Okyanusun inanılmaz derinliği
Kuzey Amerika kıtasının kıyıları çok güzeldir, mavi suların güzelliği özellikle Karayipler´de belirgindir. Karayip Adaları´nın birçok yerini, kıyı boyunca yukardan uçarak gözlerseniz berrak suların altındaki dev blokların millerce uzandığını görürsünüz. Bu görkemli bir görüntüdür ve öylesine net bir görüntüdür ki, su altındaki batık bir uçağı veya parçalarını açıkça görebilirsiniz, düşen birçok uçağın kara kutuları bu sayede bulunabilmiştir.

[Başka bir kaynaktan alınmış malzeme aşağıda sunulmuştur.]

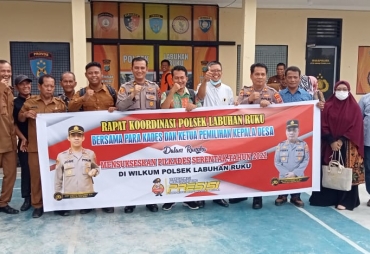 Kapolsek Labuhan Ruku foto bersama dengan panitia Pilkades usai rapat koordinasi (foto/istimewa)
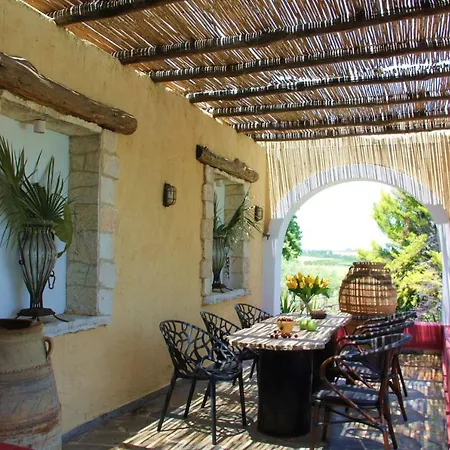 Hacienda Private Pool With Jacuzzi And Sauna וילה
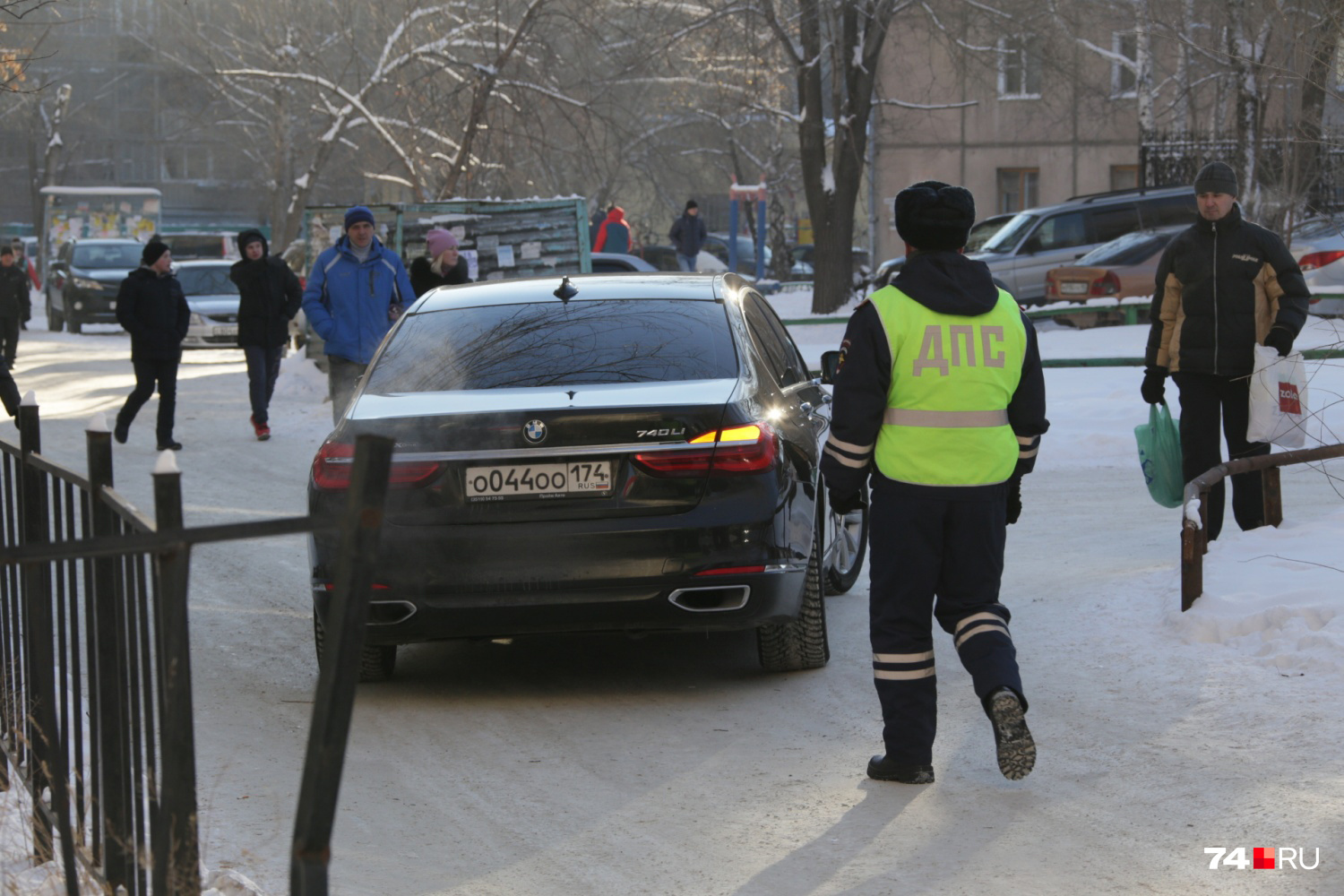 Движение на некоторых улицах закрыли Движение на некоторых улицах закрыли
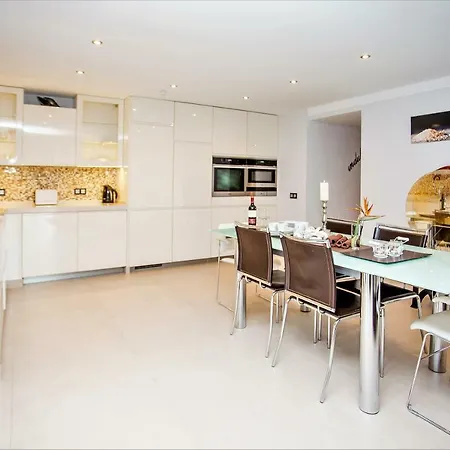 Del Mar Villa Marbella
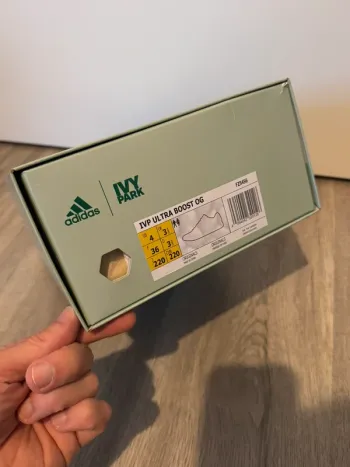 Used Continental Ultra Boost x Ivy Park bike — image 11 of 11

Büyük jetler her tür hız ayar aygıtına sahiptirler, küçük uçaklarda ise "Emergency Lacator Transmitter" denen aygıttan başka birşey yoktur, bu küçük uçaklarda bulunan Kara Kutu´lar ise su altında yeterince çalışmazlar. Yanısıra da okyanusun kumsal tabanında oluşan kum dalgalanmaları bulutlar halinde zaman zaman çalkalanarak aygıtları iyice çalışmaz hale getirmektedirler. Batık küçük tekneler de bu nedenlerle gözden kaçmakta ve en gelişmiş radarlar tarafından dahi görülememektedirler. Öyleyse, belli bir çapın altındaki batık teknelerin bulunması çok küçük bir olasılıktır. Gerçek tehlike, Karayipler´in sığ kıyılarına dalan dalgıçların gördüğü gibi, okyanus tabanının çok sığ olarak kıta kıyısı boyunca binlerce mil devam ettiğidir. Yani bu sığ kıyı tabanı aynı zamanda da okyanus tabanıdır ve siz çok küçük bir farkla çok az açıldığınızda veya bir sürpriz olarak derinlik birdenbire yüzlerce metreye ulaşabilir. Puerto Rico´nun 100 mil kuzeyi, Atlantik Okyanusu´nun en derin yeridir, Puerto Rico su altı hendeğinin derinliği 9.200 metreye ulaşır. Florida Boğazı´nda derinlik 5.000 metreyi aşar. Büyük Bahamalar´dan Kuzeydoğu Providence Kanalı´na uzanan bölgede derinlik 2.000 ile 4.000 metre arasındadır. Yani beş-on metrelik bir derinlikte yüzerken, dalarken veya teknenizle seyrederken, birkaç dakika içinde altınızda binlerce metrelik bir derinlik ortaya çıkabilir. Ve bu sığ sanılan bu kıyılarda sayısız uçak ve tekne hiç iz bırakmadan kaybolmuştur. Kısacası, Miami´den, Bahamalar´a uzanan bölgede okyanusun derinliği yaklaşık olarak 6.000 metredir ve bu sular sakin değildir.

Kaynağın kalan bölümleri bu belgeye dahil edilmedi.